Switching LSI SAS 2208 and similar chipsets to JBOD mode

I have been doing testing various hyper converged storage platforms that can coexist with ESX, along with some bare metal software storage platforms.  In all cases I am using embedded RAID controllers in the servers, in some cases I using some add-on cards.  I have two cards in use currently, one is some Intel flashed LSI card and the other are SuperMicro LSI 2208 that is embedded in the FAT Twin.  While in all of these cases you can use single-disk RAID0 logical volumes, doing so adds a lot of extra steps and in many of my systems it offers no gain.

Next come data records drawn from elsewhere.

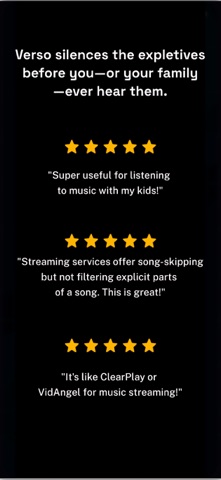 Verso: Clean Music AI App Store screenshot 2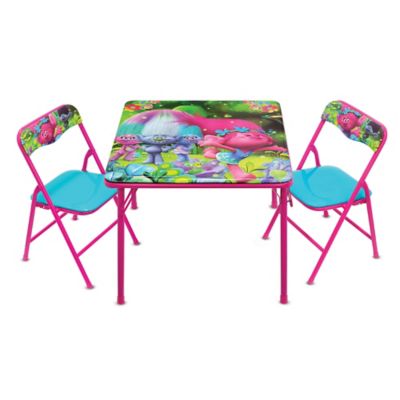 trolls table and chairs toys r us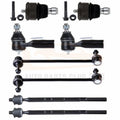 Set of 8 Front Suspension Ball Joints Tie Rods for Ford Escape Mazda Tribute (2005–2006)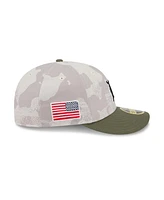 New Era Men's Light Beige/Olive Detroit Tigers 2025 Armed Forces Day Low Profile 59FIFTY Fitted Hat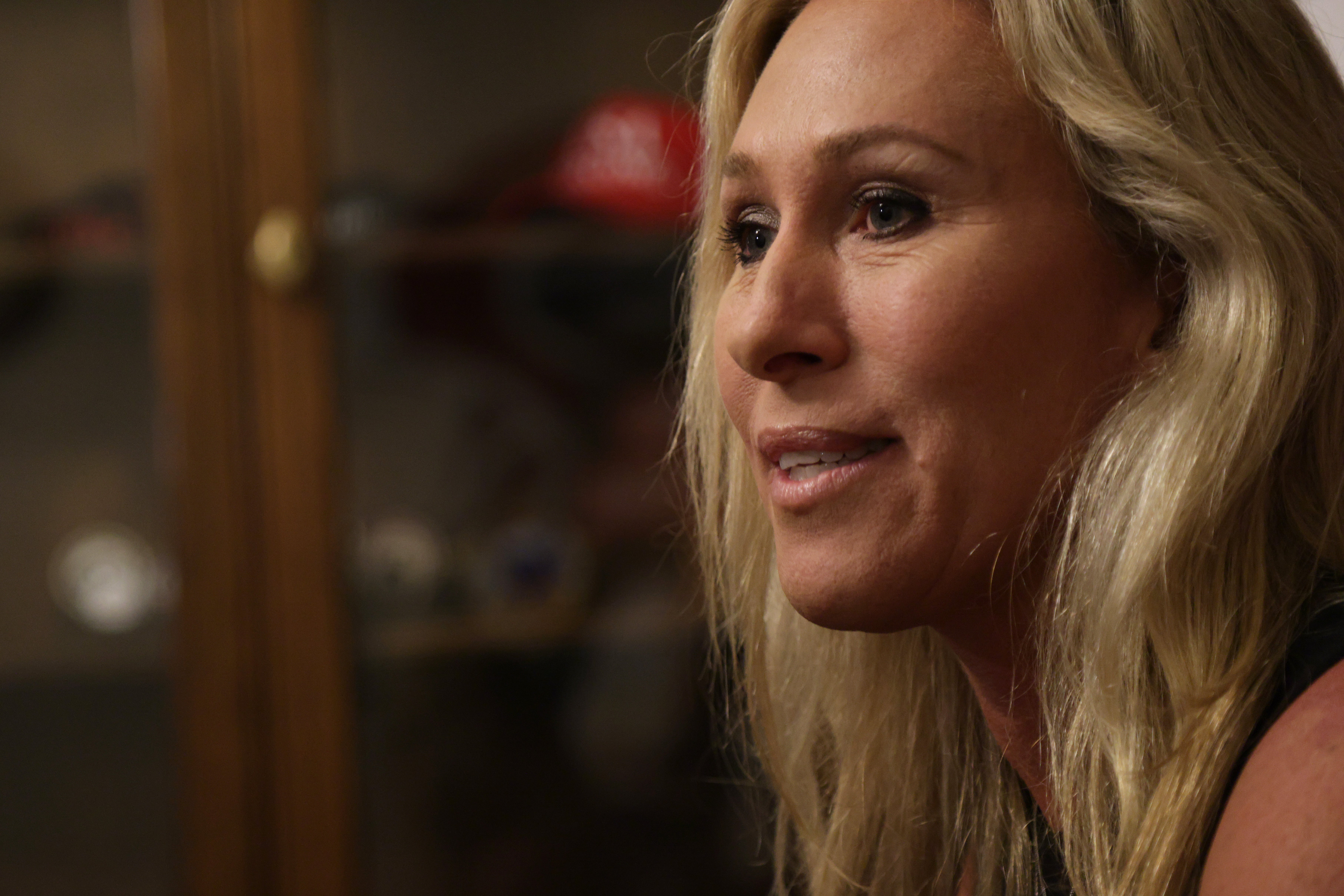 Marjorie Taylor Greene backs away from QAnon history saying she got ‘sucked into some things I’d seen on the internet’ 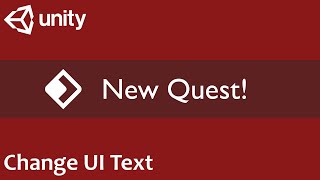 Unity C  How to change UI text [upl. by Ylus]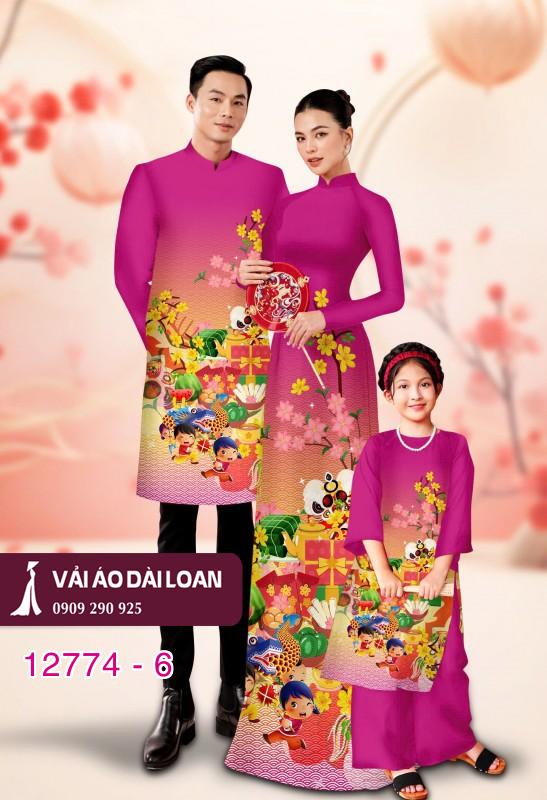 Vải áo dài tết cho gia đình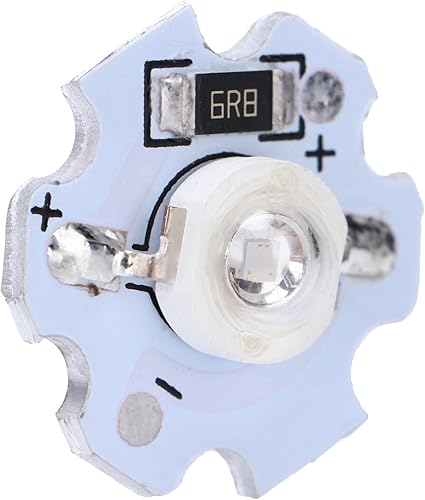 Miniatura 6 de POCREATION 25 chips LED AXD-1W-5V, bombilla LED de chip de 5 V, 200 lúmenes, 1 W, cuentas de lámpara LED de alta potencia para accesorios de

WARNING:  Proceed at your own risk, I recommend verifying that no data will be impacted by this task.  I also encourage you to confirm that the JBOD (aka pass-through mode) configuration is supported with your hardware and your storage platform.

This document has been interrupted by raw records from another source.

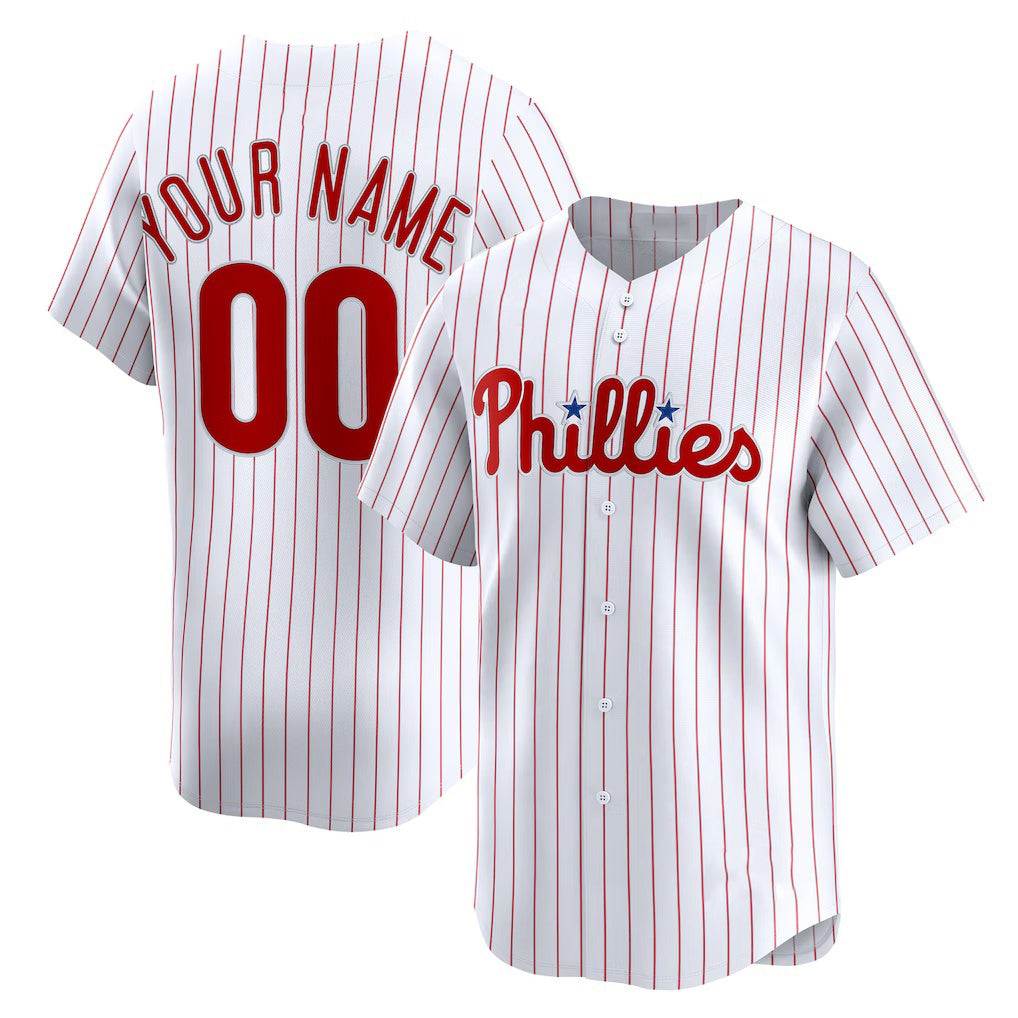 Custom Philadelphia Phillies White HOLBERT HHome Limited Jersey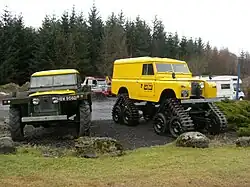 Series II 'Forest Rover' (left) and 'Cuthbertson' (with tracks)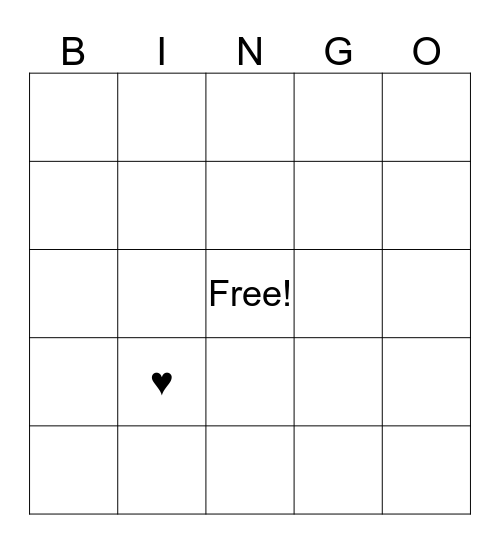 Emojis Bingo Card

It is possible that you can do some of these steps with getting into the boot BIOS, however in the case of the Intel flashed LSI cards the boot BIOS is really horrible.  I spent an hour trying to navigate the BIOS over remote console via the Intel Remote Management Module…but it was absolutely painful and the only thing that worked was using the wizard, which created undesirable configurations.  I ended up working around this by doing the following steps:

  1. Download a live boot CD Linux image
  2. Connect ISO to server through virtual media insertion of remote console
  3. Boot Linux image
  4. Configure networking on Linux
  5. Download MegaCLI to local workstation, then SCP it to the Linux machine
  6. Install MegaCLI
  7. Run MegaCLI commands

In more detail:

I downloaded MegaCLI and placed it on my Dropbox folder, this made it easy so I could just use wget on the Linux server after it booted.  Once Linux was booted I configured an IP address onto my appropriate network interface using ifconfig statement, added DNS to resolve.conf, and a default gateway.  I then could SSH in where I had copy and paste to just run the same commands quickly across my dozen hosts.  In my case I selected the CentOS 6.5 LiveCD from a close by mirror, but you should be able to use any Linux bootable CD that is of a more recent build.

I will warn that doing these steps with any data in place will absolutely lead to data destruction.  I am not liable for how quickly the -CfgLdDel command obliterates any existing logical volume configuration, proceed at your own risk.